▸ **What this task involves**
Scan the listing for the word "Road" and report every line that contains it.

▸ **Stored data**
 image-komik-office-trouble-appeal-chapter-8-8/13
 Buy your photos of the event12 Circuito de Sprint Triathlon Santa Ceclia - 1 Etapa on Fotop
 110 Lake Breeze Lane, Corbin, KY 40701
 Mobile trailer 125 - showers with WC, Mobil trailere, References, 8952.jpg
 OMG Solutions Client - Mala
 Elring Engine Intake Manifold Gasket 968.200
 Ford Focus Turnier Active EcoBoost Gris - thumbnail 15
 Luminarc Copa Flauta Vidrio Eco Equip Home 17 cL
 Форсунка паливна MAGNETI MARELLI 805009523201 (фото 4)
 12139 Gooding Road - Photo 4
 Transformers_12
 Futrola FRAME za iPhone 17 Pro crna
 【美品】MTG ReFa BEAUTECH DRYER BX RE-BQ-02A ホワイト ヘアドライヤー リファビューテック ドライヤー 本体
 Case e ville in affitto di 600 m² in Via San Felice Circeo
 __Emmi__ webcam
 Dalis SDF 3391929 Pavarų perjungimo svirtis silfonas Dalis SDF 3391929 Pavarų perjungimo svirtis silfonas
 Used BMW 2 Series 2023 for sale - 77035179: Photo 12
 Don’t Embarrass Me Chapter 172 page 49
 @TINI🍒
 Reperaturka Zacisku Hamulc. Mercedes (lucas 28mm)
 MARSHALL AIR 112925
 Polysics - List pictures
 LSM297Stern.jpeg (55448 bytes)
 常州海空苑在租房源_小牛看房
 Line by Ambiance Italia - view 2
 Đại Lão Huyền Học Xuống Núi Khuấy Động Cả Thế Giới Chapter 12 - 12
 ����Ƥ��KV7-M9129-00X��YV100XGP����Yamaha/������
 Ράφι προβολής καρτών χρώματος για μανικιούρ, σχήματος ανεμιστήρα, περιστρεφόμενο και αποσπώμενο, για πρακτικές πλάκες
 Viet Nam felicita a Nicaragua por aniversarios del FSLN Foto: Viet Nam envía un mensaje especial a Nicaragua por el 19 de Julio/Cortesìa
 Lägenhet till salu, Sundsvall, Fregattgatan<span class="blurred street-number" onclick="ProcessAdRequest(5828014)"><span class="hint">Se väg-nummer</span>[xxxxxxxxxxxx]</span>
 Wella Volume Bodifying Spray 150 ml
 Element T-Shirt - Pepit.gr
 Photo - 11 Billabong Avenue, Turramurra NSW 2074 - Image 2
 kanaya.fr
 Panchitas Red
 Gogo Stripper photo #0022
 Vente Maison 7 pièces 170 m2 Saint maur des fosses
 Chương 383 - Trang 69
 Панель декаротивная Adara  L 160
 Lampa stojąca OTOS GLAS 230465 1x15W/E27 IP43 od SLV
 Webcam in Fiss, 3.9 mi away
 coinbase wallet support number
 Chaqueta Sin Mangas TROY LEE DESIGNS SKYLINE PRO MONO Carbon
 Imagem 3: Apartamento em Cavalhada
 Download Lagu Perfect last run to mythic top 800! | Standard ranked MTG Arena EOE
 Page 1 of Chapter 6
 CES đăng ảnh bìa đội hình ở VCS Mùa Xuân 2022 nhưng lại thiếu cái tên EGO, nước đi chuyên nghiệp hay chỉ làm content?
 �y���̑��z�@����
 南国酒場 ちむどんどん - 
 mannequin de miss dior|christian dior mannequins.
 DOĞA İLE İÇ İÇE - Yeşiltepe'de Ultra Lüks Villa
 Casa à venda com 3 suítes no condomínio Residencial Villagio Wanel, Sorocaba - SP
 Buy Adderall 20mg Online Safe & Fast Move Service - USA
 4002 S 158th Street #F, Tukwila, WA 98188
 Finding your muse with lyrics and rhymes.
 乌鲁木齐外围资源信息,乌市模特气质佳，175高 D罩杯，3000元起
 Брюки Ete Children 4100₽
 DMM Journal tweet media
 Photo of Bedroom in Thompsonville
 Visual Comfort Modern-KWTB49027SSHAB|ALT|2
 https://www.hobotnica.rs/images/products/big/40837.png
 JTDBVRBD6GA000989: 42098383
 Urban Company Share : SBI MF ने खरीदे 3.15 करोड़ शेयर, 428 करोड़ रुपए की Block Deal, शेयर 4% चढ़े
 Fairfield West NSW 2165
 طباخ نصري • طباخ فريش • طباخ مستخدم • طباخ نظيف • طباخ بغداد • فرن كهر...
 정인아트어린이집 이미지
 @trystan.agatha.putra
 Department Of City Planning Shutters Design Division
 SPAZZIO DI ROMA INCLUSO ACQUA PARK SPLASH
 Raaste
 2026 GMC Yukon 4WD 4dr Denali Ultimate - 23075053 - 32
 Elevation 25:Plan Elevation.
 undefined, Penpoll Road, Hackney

▸ **Answer box**
 12139 Gooding Road - Photo 4
 undefined, Penpoll Road, Hackney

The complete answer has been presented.